* [Task data]
'''

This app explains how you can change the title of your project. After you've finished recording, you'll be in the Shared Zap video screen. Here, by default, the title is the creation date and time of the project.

'''
'''

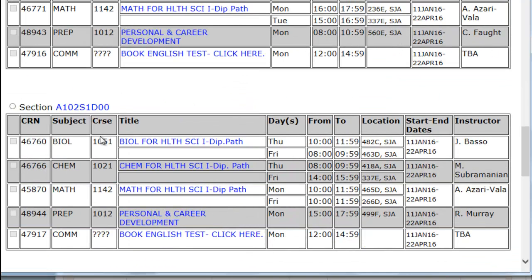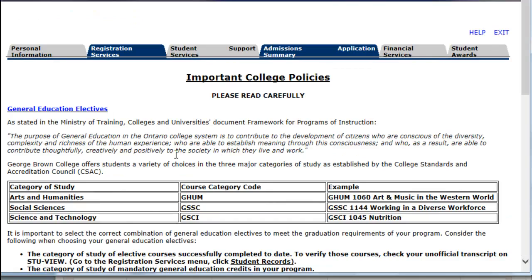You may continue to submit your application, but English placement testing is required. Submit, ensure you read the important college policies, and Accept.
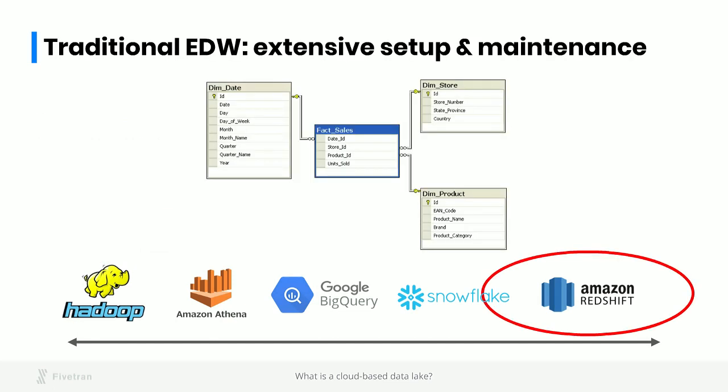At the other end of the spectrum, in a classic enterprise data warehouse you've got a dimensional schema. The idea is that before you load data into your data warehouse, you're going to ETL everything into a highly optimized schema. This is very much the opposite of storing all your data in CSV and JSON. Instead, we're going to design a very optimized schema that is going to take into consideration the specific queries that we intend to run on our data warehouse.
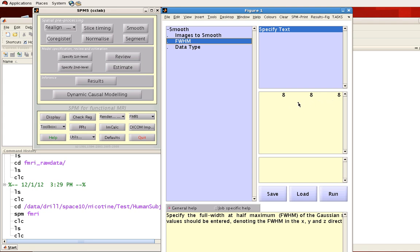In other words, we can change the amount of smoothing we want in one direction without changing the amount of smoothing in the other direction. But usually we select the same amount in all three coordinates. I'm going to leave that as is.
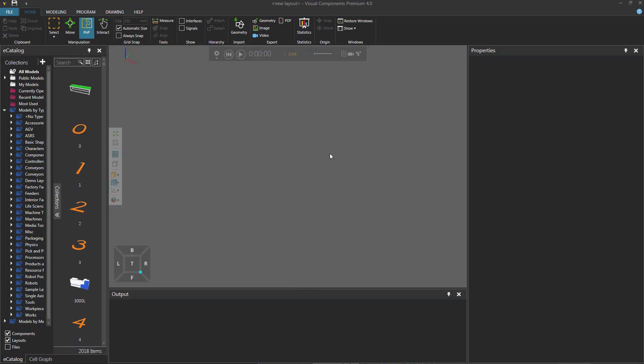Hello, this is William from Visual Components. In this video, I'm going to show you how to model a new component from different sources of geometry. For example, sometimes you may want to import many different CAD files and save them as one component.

'''
'''

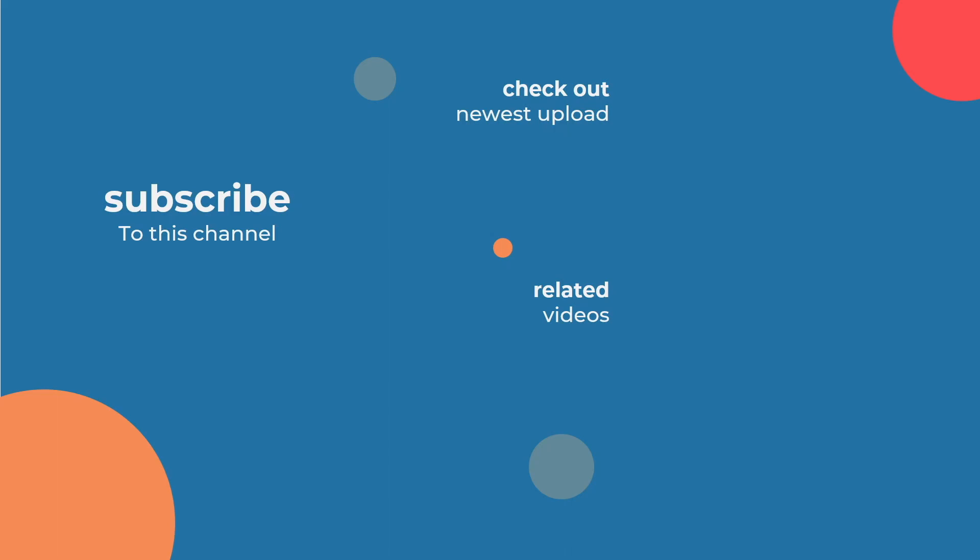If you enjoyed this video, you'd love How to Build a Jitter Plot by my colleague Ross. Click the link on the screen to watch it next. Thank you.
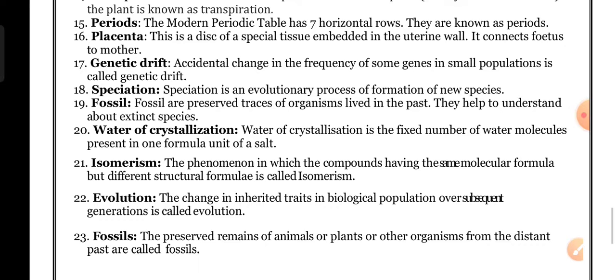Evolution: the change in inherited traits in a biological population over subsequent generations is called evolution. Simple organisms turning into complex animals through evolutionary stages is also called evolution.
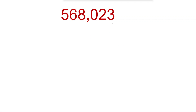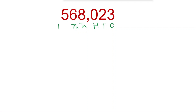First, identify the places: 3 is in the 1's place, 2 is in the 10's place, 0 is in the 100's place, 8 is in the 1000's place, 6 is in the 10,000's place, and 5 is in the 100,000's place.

'''

* [Instructions to follow] Look back at the data above, then output exactly the lines from the line holding "You may continue" up to and including the line holding "Hello, this is". Leave out the pictures.

* [Response area]
You may continue to submit your application, but English placement testing is required. Submit, ensure you read the important college policies, and Accept.
At the other end of the spectrum, in a classic enterprise data warehouse you've got a dimensional schema. The idea is that before you load data into your data warehouse, you're going to ETL everything into a highly optimized schema. This is very much the opposite of storing all your data in CSV and JSON. Instead, we're going to design a very optimized schema that is going to take into consideration the specific queries that we intend to run on our data warehouse.
In other words, we can change the amount of smoothing we want in one direction without changing the amount of smoothing in the other direction. But usually we select the same amount in all three coordinates. I'm going to leave that as is.
Hello, this is William from Visual Components. In this video, I'm going to show you how to model a new component from different sources of geometry. For example, sometimes you may want to import many different CAD files and save them as one component.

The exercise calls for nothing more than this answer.